» **YOUR ASSIGNMENT**
What appears from the first line of the records below through the line containing "Volvo XC40 4 of 15" must be reproduced verbatim.

» **EXTRACTED ENTRIES**
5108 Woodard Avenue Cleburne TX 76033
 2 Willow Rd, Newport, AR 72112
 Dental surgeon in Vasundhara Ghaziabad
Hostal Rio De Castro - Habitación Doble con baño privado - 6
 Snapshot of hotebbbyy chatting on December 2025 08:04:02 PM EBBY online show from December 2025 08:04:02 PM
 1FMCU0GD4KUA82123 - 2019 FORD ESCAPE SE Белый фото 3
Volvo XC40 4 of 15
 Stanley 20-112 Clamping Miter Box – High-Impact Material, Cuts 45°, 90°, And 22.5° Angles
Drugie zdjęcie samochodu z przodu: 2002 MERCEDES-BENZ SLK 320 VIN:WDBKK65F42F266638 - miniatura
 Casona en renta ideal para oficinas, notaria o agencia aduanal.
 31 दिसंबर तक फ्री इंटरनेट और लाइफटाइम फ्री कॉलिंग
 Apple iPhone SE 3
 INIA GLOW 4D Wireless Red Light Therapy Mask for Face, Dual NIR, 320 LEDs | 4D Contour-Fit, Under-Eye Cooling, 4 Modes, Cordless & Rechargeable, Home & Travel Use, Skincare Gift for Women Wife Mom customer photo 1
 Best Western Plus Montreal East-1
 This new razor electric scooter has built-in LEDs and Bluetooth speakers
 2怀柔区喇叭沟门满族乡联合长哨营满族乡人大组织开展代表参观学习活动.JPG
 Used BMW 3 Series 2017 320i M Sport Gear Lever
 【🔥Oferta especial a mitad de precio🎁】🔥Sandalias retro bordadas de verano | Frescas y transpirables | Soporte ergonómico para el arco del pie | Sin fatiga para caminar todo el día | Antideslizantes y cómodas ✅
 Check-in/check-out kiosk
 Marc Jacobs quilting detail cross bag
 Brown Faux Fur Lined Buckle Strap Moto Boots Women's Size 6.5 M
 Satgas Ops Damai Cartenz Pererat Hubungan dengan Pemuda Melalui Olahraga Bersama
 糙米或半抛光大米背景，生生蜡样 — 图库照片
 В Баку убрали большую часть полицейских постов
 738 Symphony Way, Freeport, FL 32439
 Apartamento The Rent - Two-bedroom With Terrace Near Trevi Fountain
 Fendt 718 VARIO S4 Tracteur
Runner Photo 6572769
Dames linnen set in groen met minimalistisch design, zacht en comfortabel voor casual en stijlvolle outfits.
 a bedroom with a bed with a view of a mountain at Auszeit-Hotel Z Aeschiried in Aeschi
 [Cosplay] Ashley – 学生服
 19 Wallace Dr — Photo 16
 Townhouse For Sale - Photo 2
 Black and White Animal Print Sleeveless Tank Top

» **REPLY TO THE EXERCISE**
5108 Woodard Avenue Cleburne TX 76033
 2 Willow Rd, Newport, AR 72112
 Dental surgeon in Vasundhara Ghaziabad
Hostal Rio De Castro - Habitación Doble con baño privado - 6
 Snapshot of hotebbbyy chatting on December 2025 08:04:02 PM EBBY online show from December 2025 08:04:02 PM
 1FMCU0GD4KUA82123 - 2019 FORD ESCAPE SE Белый фото 3
Volvo XC40 4 of 15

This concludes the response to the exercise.